[Paper] Relational Visual Similarity

Published: 1 day ago (December 8, 2025 at 01:59 PM EST)

4 min read

Source: arXiv

Source: arXiv - 2512.07833v1

Overview

The paper “Relational Visual Similarity” tackles a blind spot in today’s computer‑vision toolbox: existing similarity metrics (LPIPS, CLIP, DINO, etc.) compare images only by their surface appearance, ignoring the relational structure that humans effortlessly perceive (e.g., “the Earth’s crust‑mantle‑core map onto a peach’s skin‑flesh‑pit”).

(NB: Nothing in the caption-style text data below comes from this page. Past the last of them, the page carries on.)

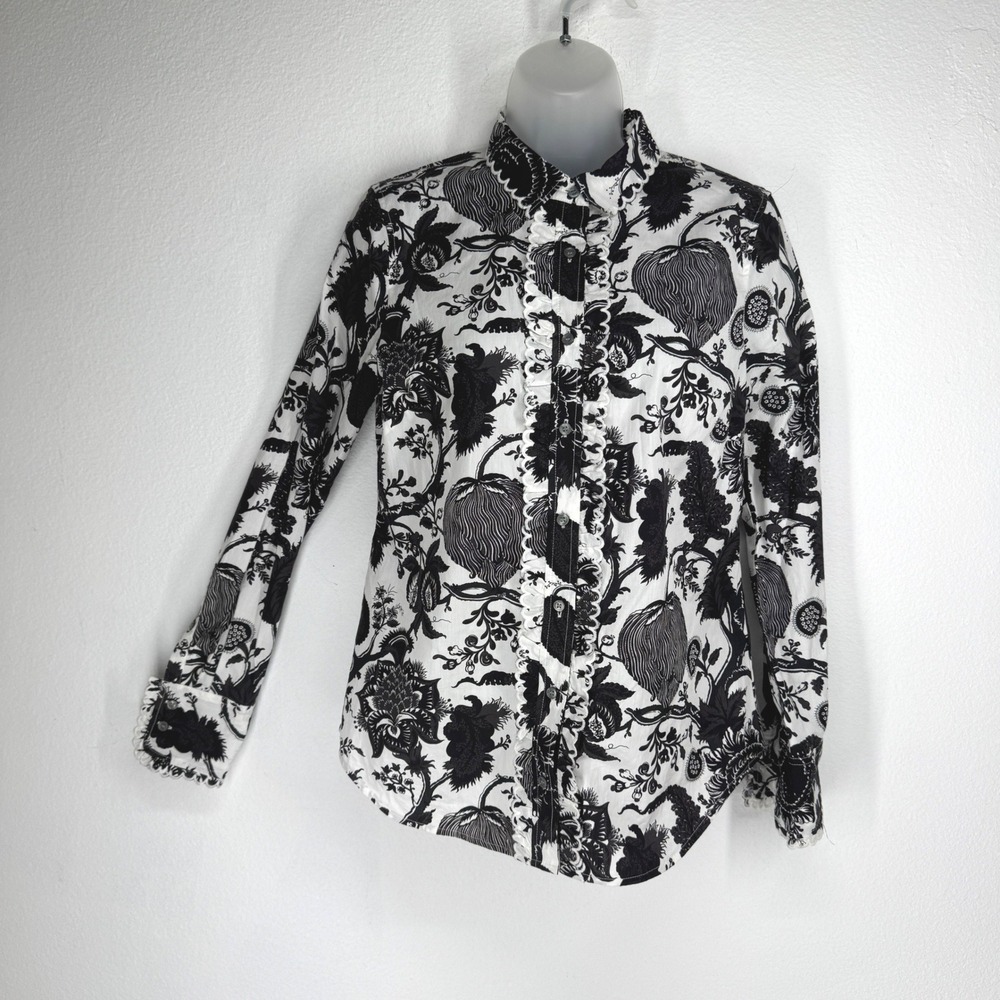 J.Crew Slim Fit Ruffle Scalloped Button Shirt Black White Toile Floral Size 4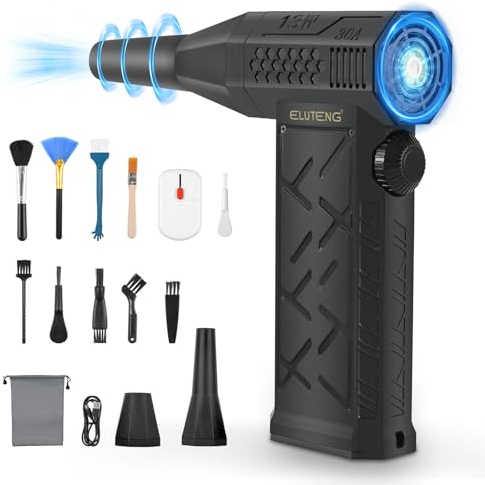 ELUTENG Aria Compressa Elettrico Rimuovi Polvere, 130000 Giri/Min Bomboletta Aria Compressa Spray con Batteria 8000 mAh Mini Aspirapolvere per PC Tastiera Ufficio Auto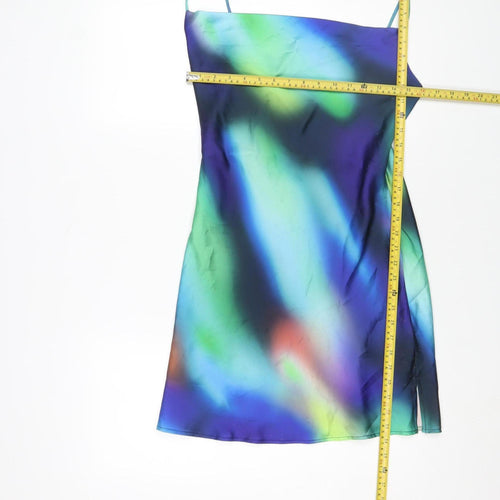 Bershka Women Multicoloured Size 8 Slip Dress Summer Satin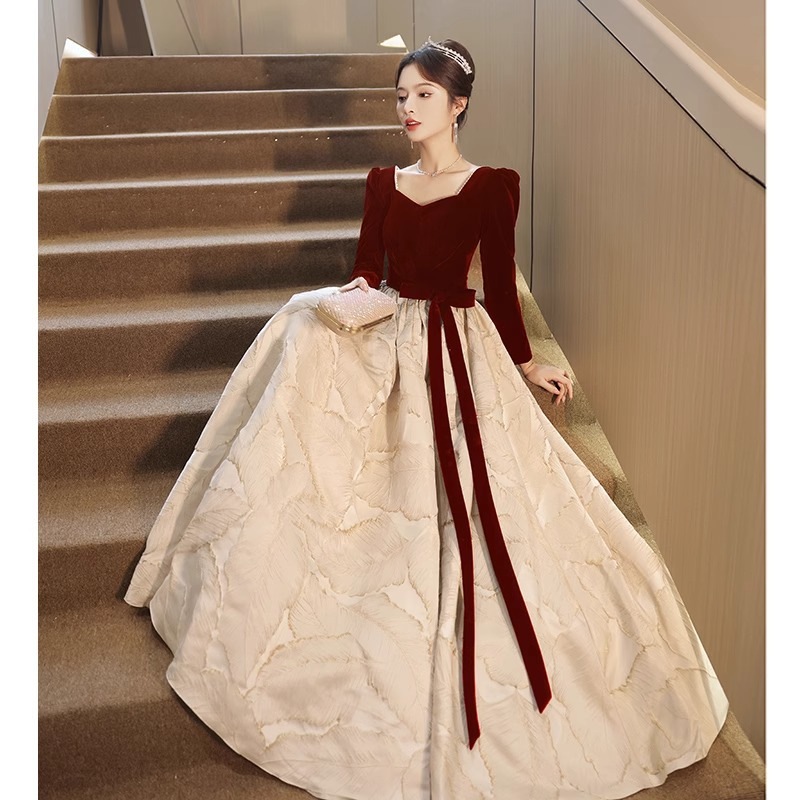 ワンピースドレスドレスハイエンド服の花嫁の春と夏の長袖の結婚式リターン服ワインレッドエンゲージメントパーティードレス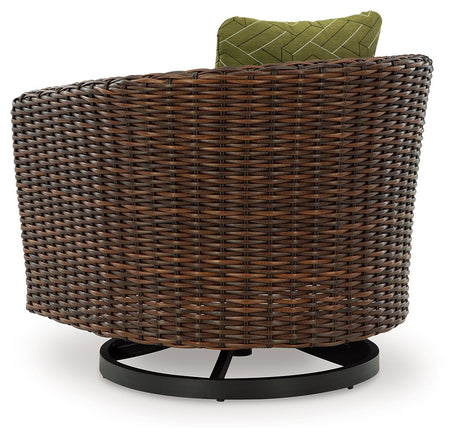 Horizon Hall - Brown / Green - Swivel Lounge With Cushion by Signature Design by Ashley® | Bel Furniture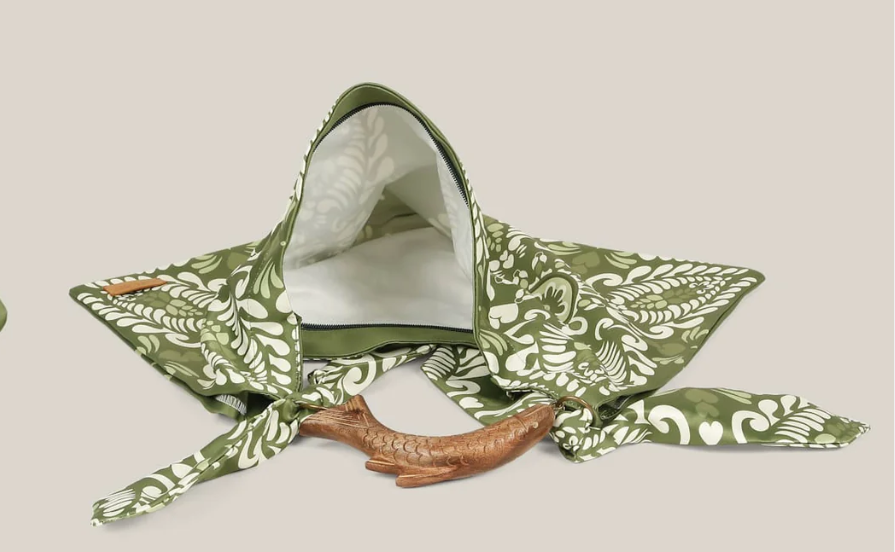 Silk Scarf Tote Bag With Wooden Fish Handle - Hats Off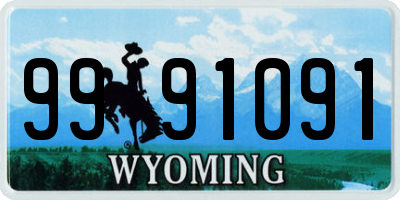 WY license plate 9991091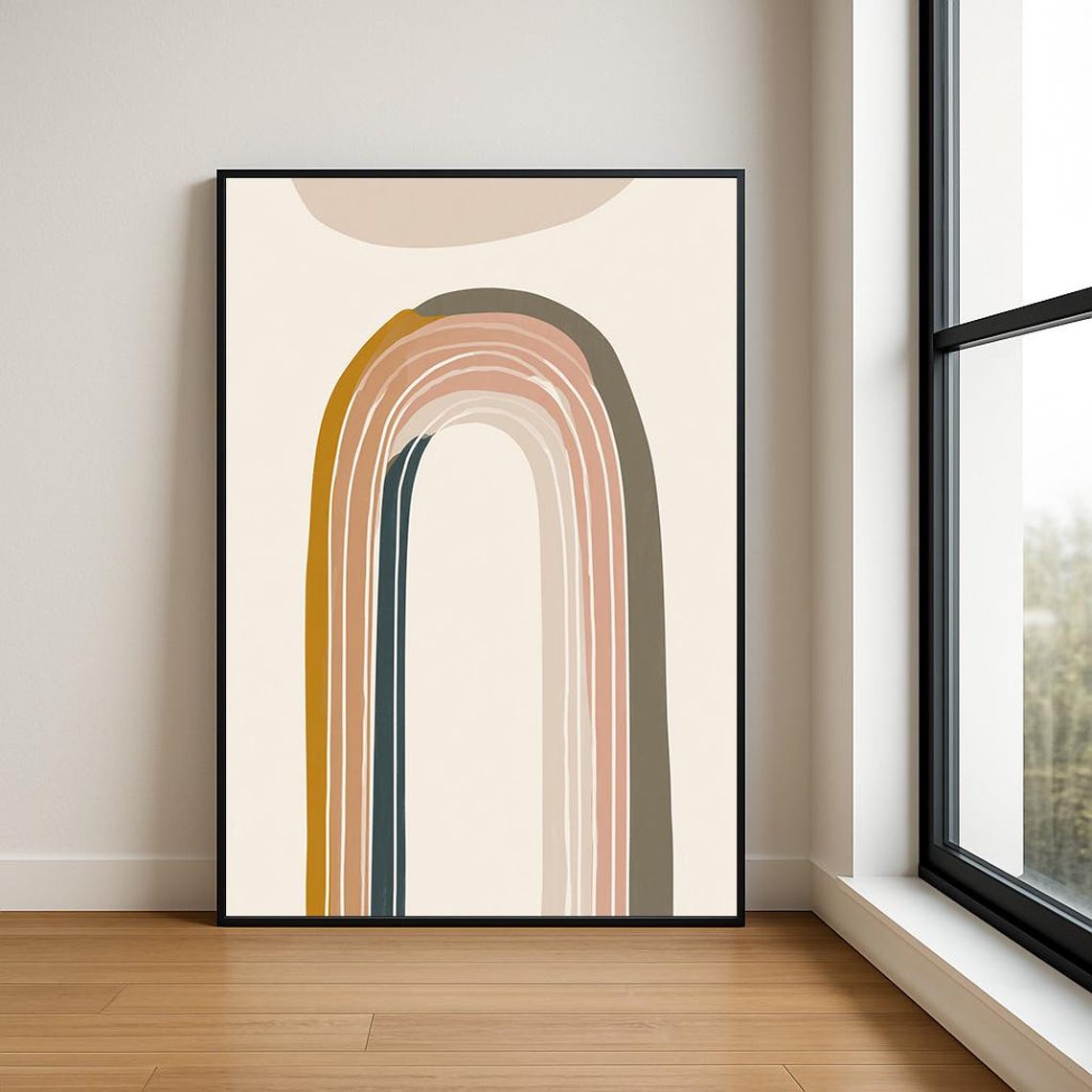 Japandi Warm Rainbow Arch Earth Tones Minimalist Modern Art Print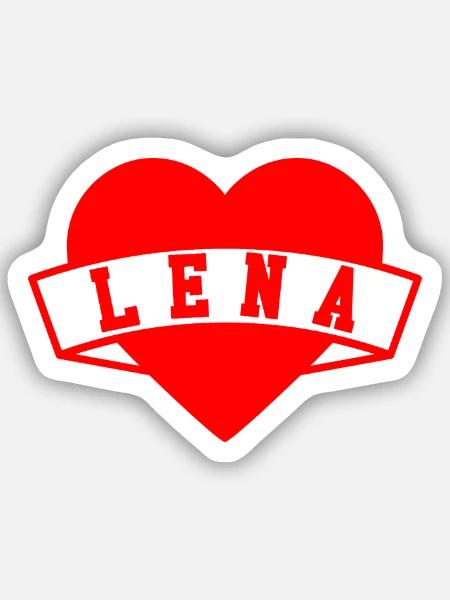 Lena Herzen - Sticker Größe S (10 x 10 cm) - Mattweiß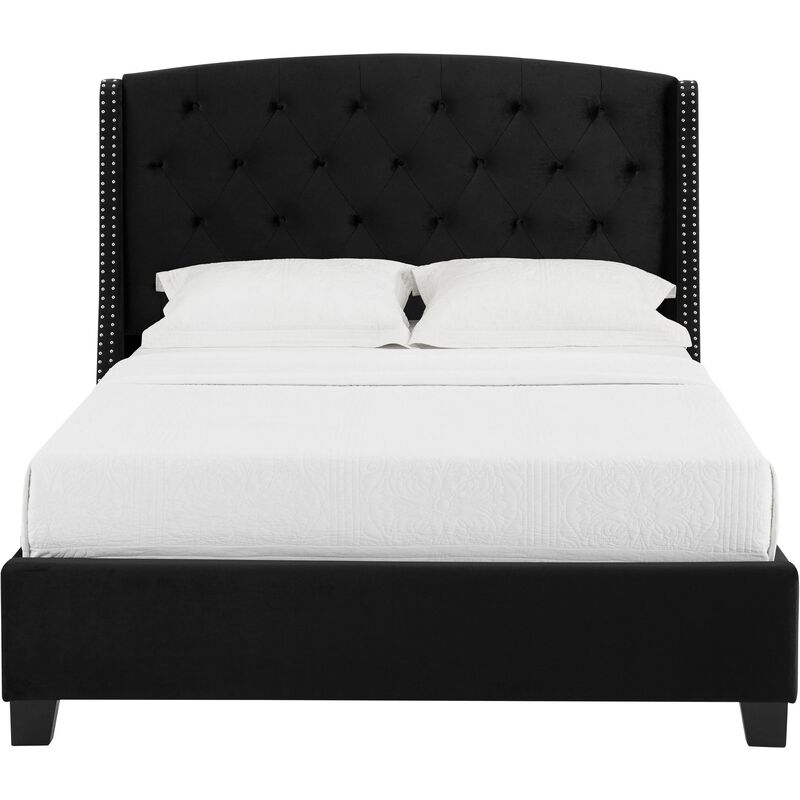 Elle Queen Size Bed, Low Profile, Black Button Tufted Upholstered Headboard - Benzara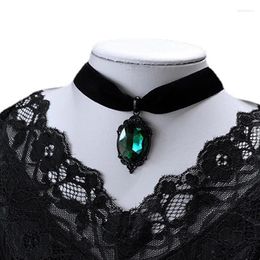 Pendant Necklaces Green Venom Cameo Choker For Women Girls Fashion Alternative Gothic Jewellery Accessories Vintage Velvet Necklace Gift Her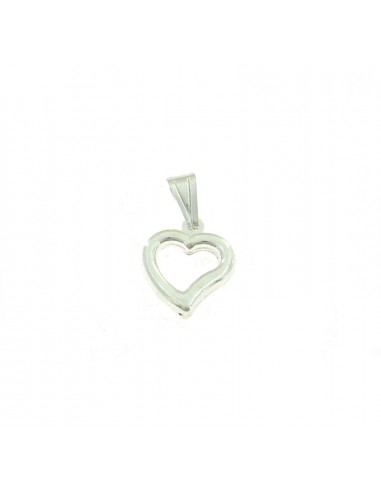 Pierced heart pendant in white 925 silver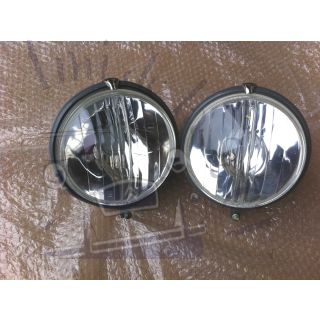 Paire de phares Ducellier Isoroute neufs d'époque avec cuvelage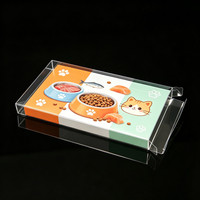 Boîte de présentation rectangulaire multifonctionnelle en plastique PET transparent recyclable, impression CMYK sur mesure pour aliments pour animaux de compagnie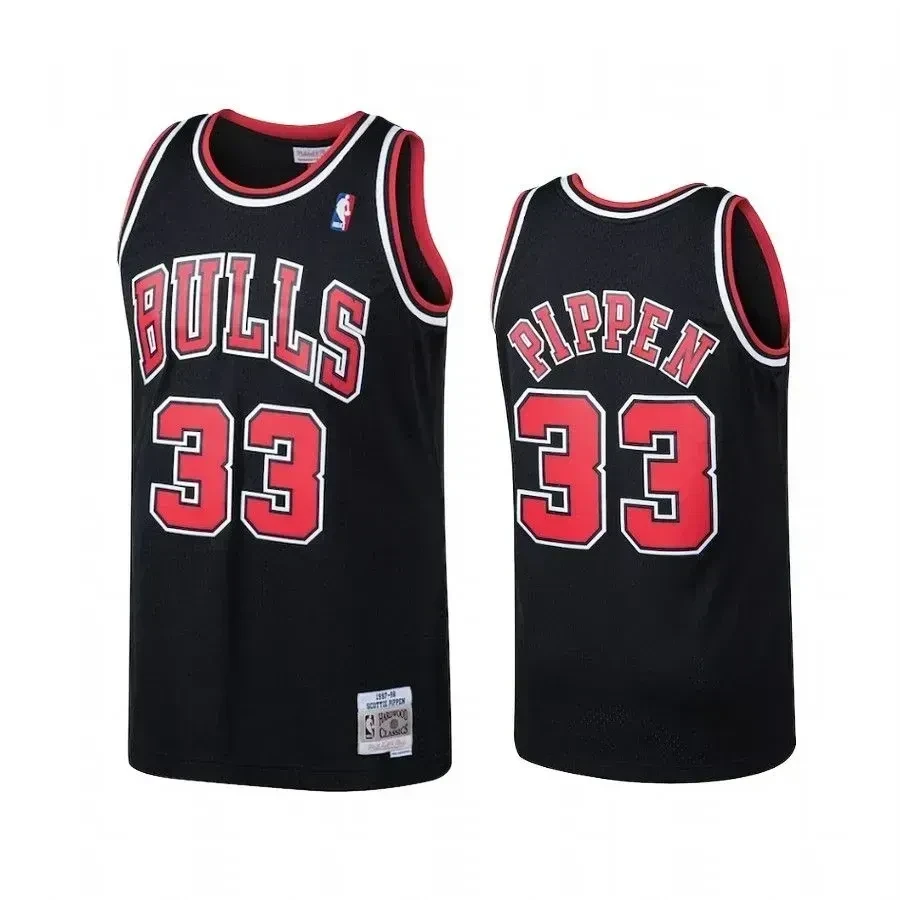 Men's Chicago Bulls 33 Scottie Pippen Black Hardwood Classics Jersey - JS944 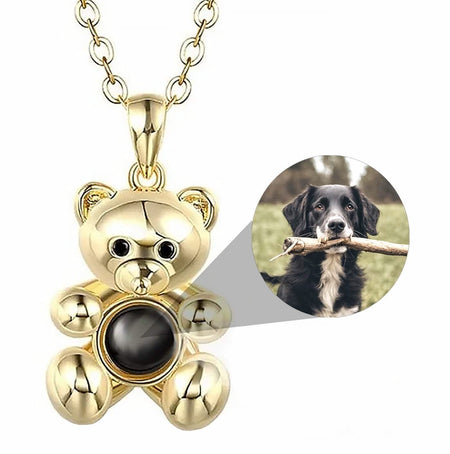 Teddy Bear Photo Projection Necklace with Your Photo - Photo Memory Bracelet LLC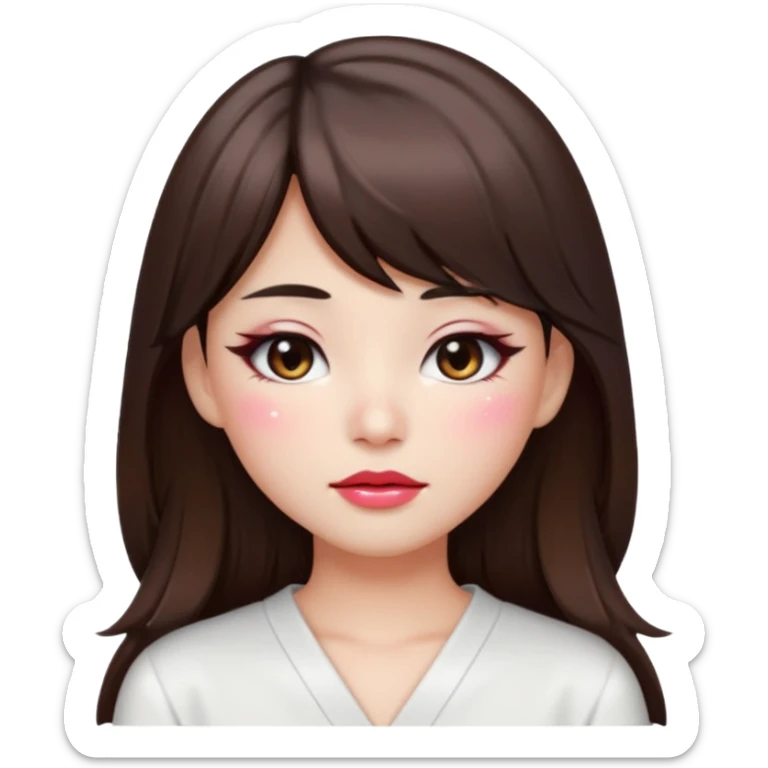 “japanese style Emoji brunette girl long hair with side bangs white top, dewy skin, heavy blush across cheeks and nose bridge, glossy cherry lips, soft eyeliner, teary sparkling eyes sticker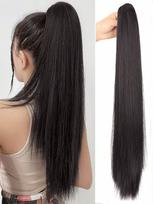 Sintetiniai plaukų priauginimai 24 colių ilgi, tiesūs Claw Clip perukas su uodega, tinkami kasdieniam moterų vakarėliui 24inch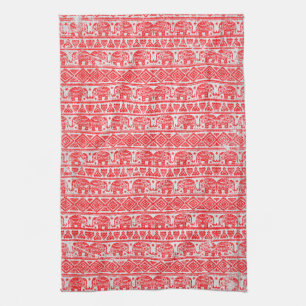 Boho ethnic elephant pattern tea towel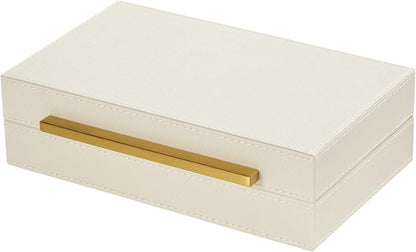 Sagala Set of 2 Ivory Shagreen Decorative Boxes With Brushed Gold Metal Handles, Faux Leather Jewelry Boxes Modern Storages Photo Memory Boxes Home Organizer Boxes (Ivory-Gold, 2pack)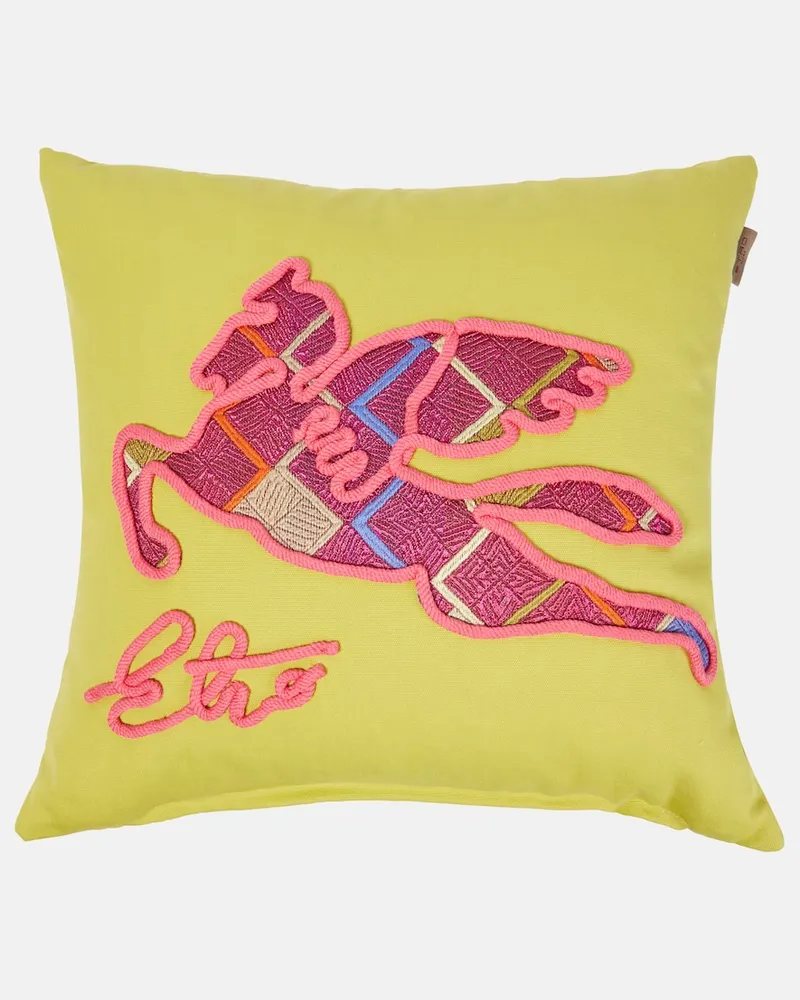 Etro Besticktes Kissen Pegaso aus Leinen Grün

By defining and measuring relational similarity, the authors open a new avenue for connecting images through the logic of their parts rather than their colors or textures.

Key Contributions

Formal definition of relational visual similarity – two images are relationally similar when the internal functional relationships among their visual elements correspond, regardless of visual attributes.
Large‑scale relational caption dataset – 114 k image–caption pairs where captions describe relations (e.g., “outer layer surrounds inner core”) while deliberately anonymizing concrete objects.
Fine‑tuned Vision‑Language model (RelSim‑VL) – built on a pre‑trained CLIP backbone, trained to embed images such that relationally similar pairs are close in representation space.
Comprehensive evaluation – benchmarked against LPIPS, CLIP, DINO, and human judgments on a new relational similarity test set, showing a 30‑40 % improvement in correlation with human relational judgments.
Demonstration of downstream utility – applied RelSim‑VL to tasks like analogical image retrieval, scene‑graph generation, and zero‑shot reasoning, achieving measurable gains over baselines.

Methodology

Dataset construction
- Started from diverse image collections (COCO, Open Images, etc.).
- Human annotators wrote relational captions that abstract away from concrete nouns (“A round outer shell encloses a soft interior”) and focus on the role each visual element plays.
- Captions were “anonymized” (no object names) to force models to learn relational patterns rather than lexical shortcuts.
Model architecture
- Base: CLIP’s ViT‑B/32 image encoder + a transformer text encoder.
- Added a Relation Projection Head that maps the image embedding into a relational subspace.
- Training objective: contrastive loss that pulls together image pairs whose captions share the same relational template and pushes apart mismatched pairs.
Evaluation protocol
- Relational Similarity Test (RST): 5‑way multiple‑choice where humans pick the image that shares the same relational logic as a query.
- Correlation with human scores (Spearman’s ρ) and retrieval metrics (Recall@K).
- Ablation studies on caption anonymization, projection head size, and amount of relational data.

Results & Findings

Model	Spearman ρ (RST)	Recall@10 (analogical retrieval)
LPIPS	0.31	12 %
CLIP (raw)	0.38	18 %
DINO	0.35	15 %
RelSim‑VL (proposed)	0.57	31 %

Human‑aligned relational similarity: RelSim‑VL’s embeddings correlate far more strongly with human judgments than any prior metric.
Generalization: Even when presented with completely novel object categories (e.g., “a metallic shell around a liquid core”), the model correctly groups images by relational pattern.
Ablation: Removing caption anonymization drops ρ by ~0.08, confirming that the model truly learns relational abstractions rather than memorizing object names.

Practical Implications

Domain	How relational similarity helps	Example use‑case
Content‑based image search	Retrieve images that share the same structural logic (e.g., “layered architecture”) even if they look different.	A designer looking for “nested packaging” concepts finds photos of onions, Russian dolls, and geological cross‑sections.
Robotics & scene understanding	Reason about affordances and manipulation steps by matching relational patterns rather than exact objects.	A robot trained on “grasp the outer shell to expose the inner component” can transfer the skill from a fruit to a mechanical device.
Creative AI (storyboarding, game design)	Generate or retrieve assets that satisfy a narrative relational constraint (e.g., “hero’s shield protects the vulnerable core”).	Automated asset recommendation for a level‑designer building a “protect‑the‑core” puzzle.
Education & analogical reasoning tools	Provide visual analogies that reinforce relational thinking (e.g., Earth‑peach, solar‑system‑atom).	Interactive app that shows students pairs of images linked by relational similarity, fostering deeper conceptual links.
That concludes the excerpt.